> [DATA FOR THIS EXERCISE]:
++++++++
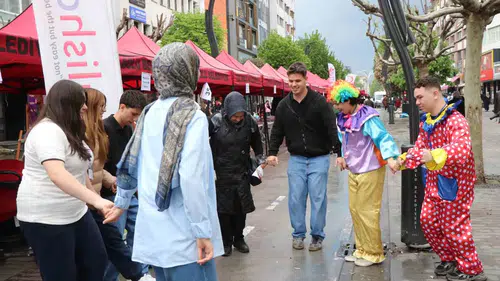 Bolu sokaklarında dolu yağışı sonrası ilginç halay görüntüleri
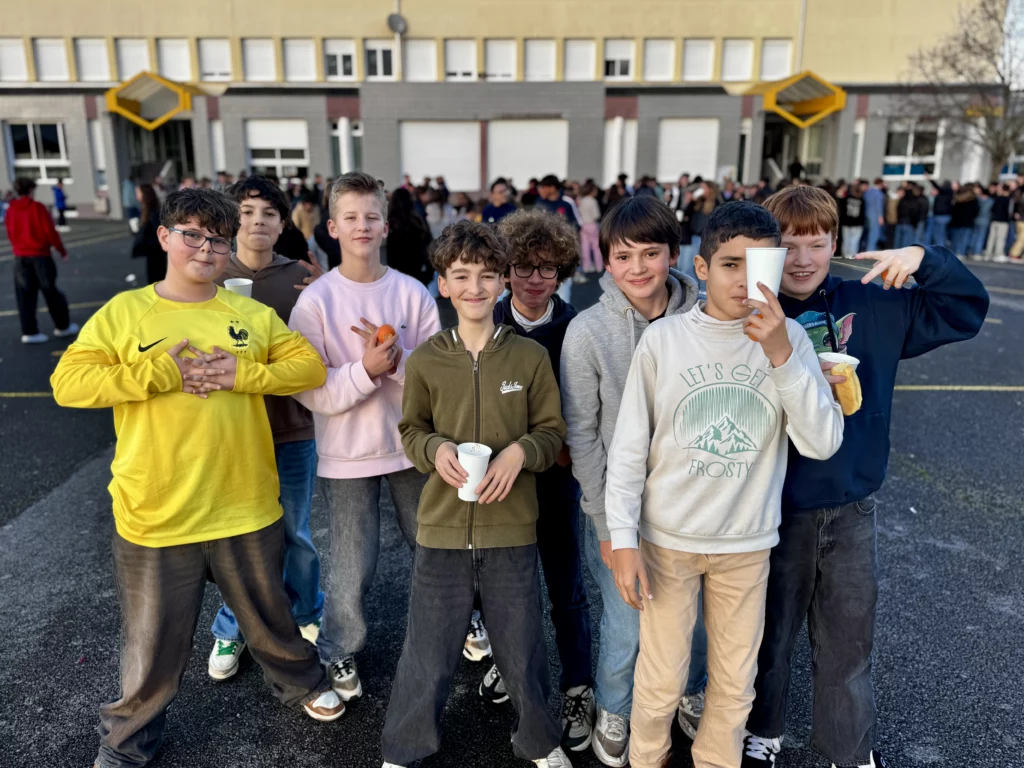 Groupe d'élèves dans la cour du collège Sacré-Coeur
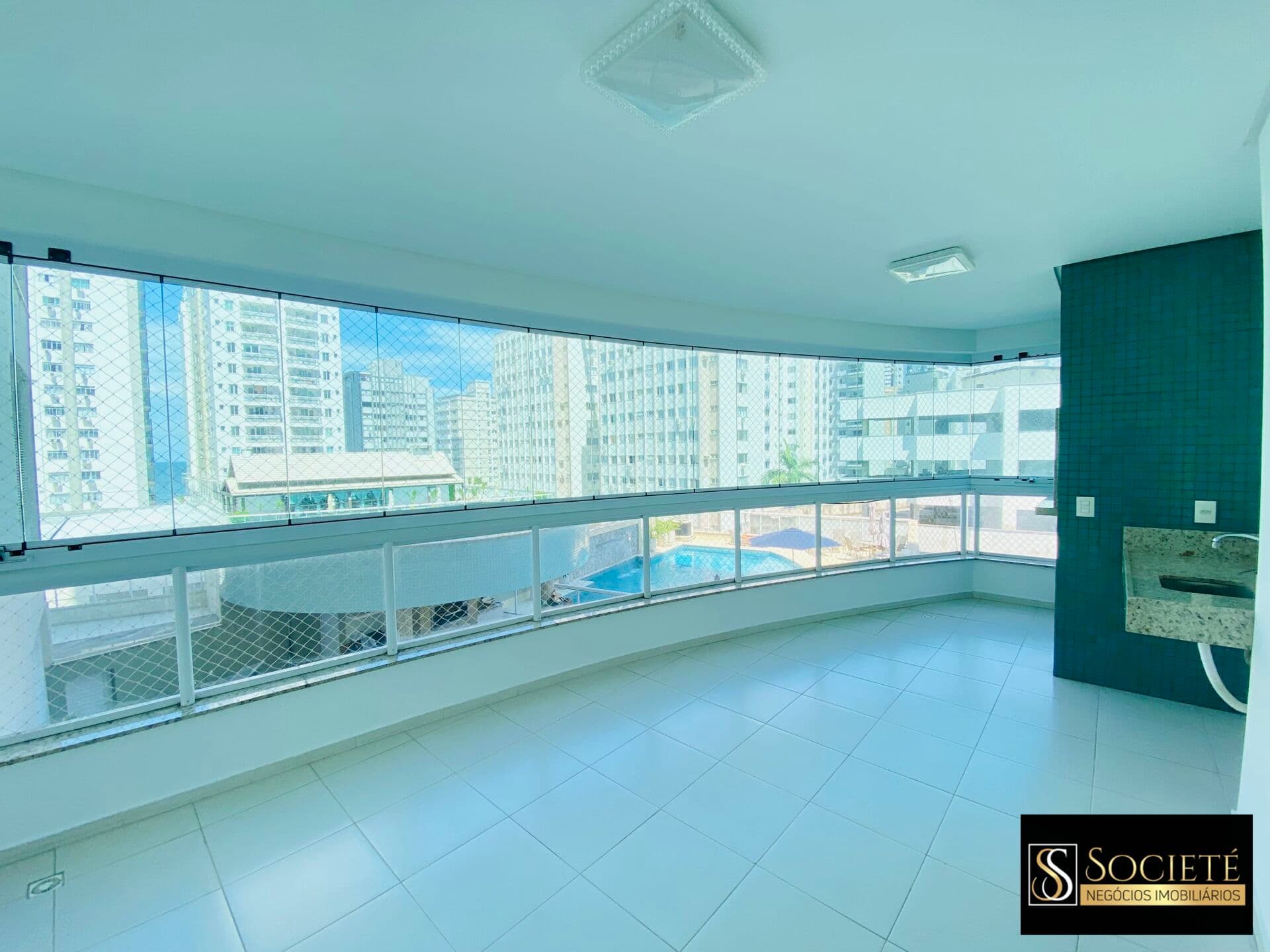 Apartamento Alto Padrão no Edifício Dimora Del Sole no Centro de Balneário Camboriú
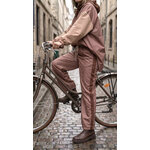 Pantalon de pluie Poule Party Brown Blush porté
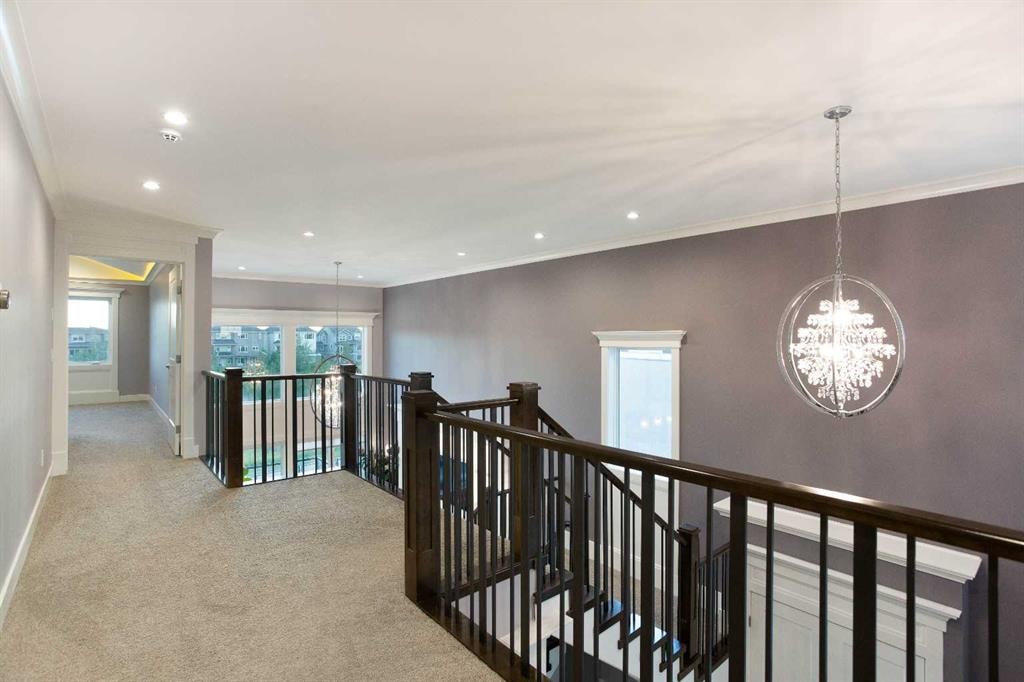 160 Kinniburgh Loop, Chestermere, AB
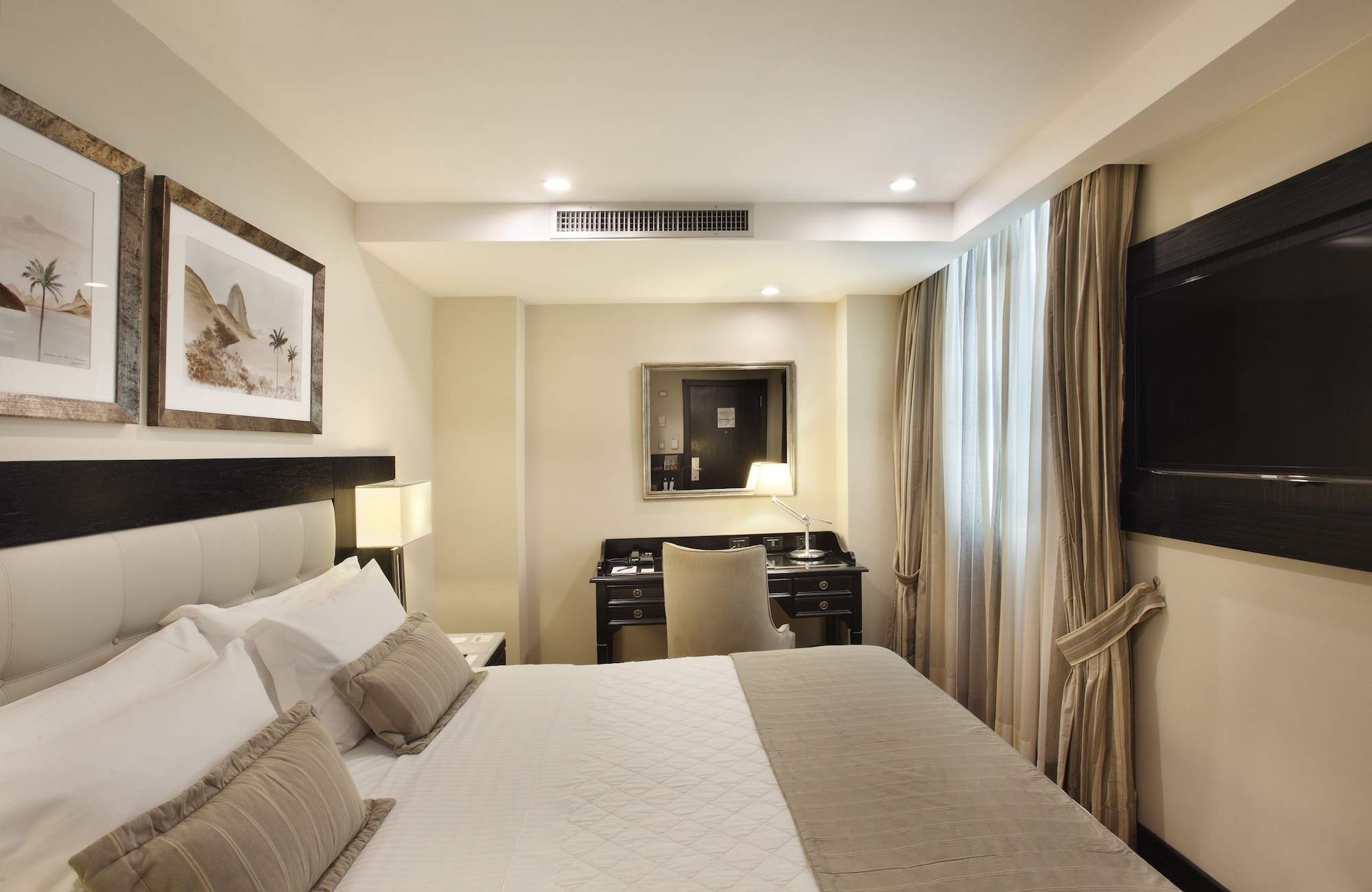 STANDARD, TWIN BEDS, ACCESSIBLE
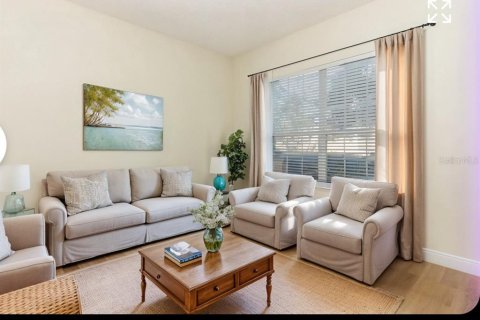 House in Apopka, Florida 4 bedrooms, 205.5 sq.m. № 1631567 - photo 4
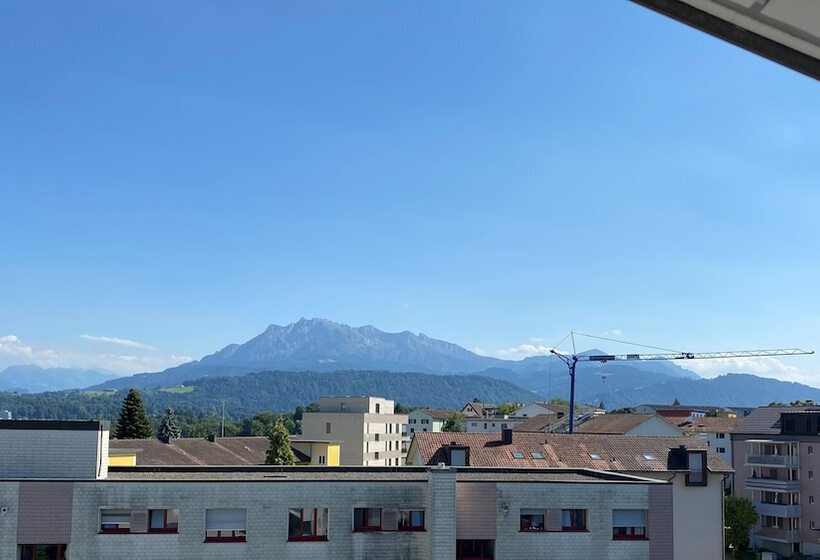 חדר סטנדרט עם מרפסת, Businesshotel Lux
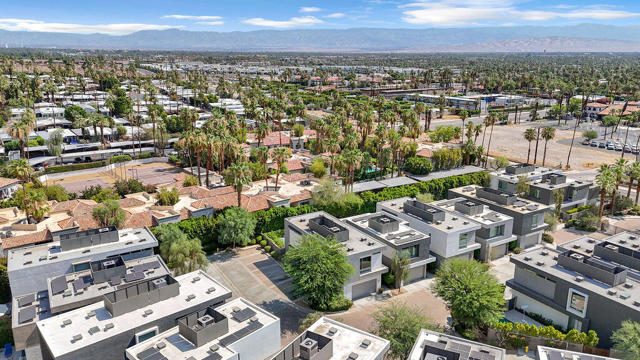 350 Goleta Way, Palm Springs CA: https://media.crmls.org/mediaz/0ab4c592-9bca-40be-8b3f-25057a1b8279.jpg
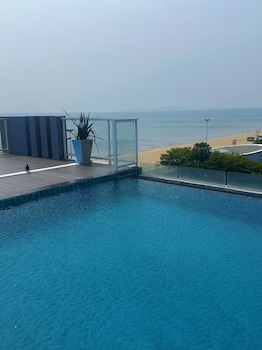 neo sea view condo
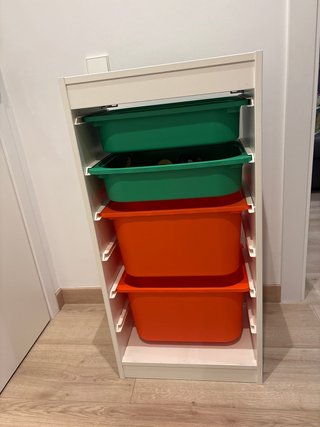Cajones de colores IKEA para niños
++++++++
> [PROBLEM TO SOLVE]:
Every line from the one with "House in Apopka, Florida" through the end of the records above belongs in the answer, copied exactly; no picture does.

> [COMPLETED TASK]:
 House in Apopka, Florida 4 bedrooms, 205.5 sq.m. № 1631567 - photo 4
 חדר סטנדרט עם מרפסת, Businesshotel Lux
 350 Goleta Way, Palm Springs CA: https://media.crmls.org/mediaz/0ab4c592-9bca-40be-8b3f-25057a1b8279.jpg
 neo sea view condo
Cajones de colores IKEA para niños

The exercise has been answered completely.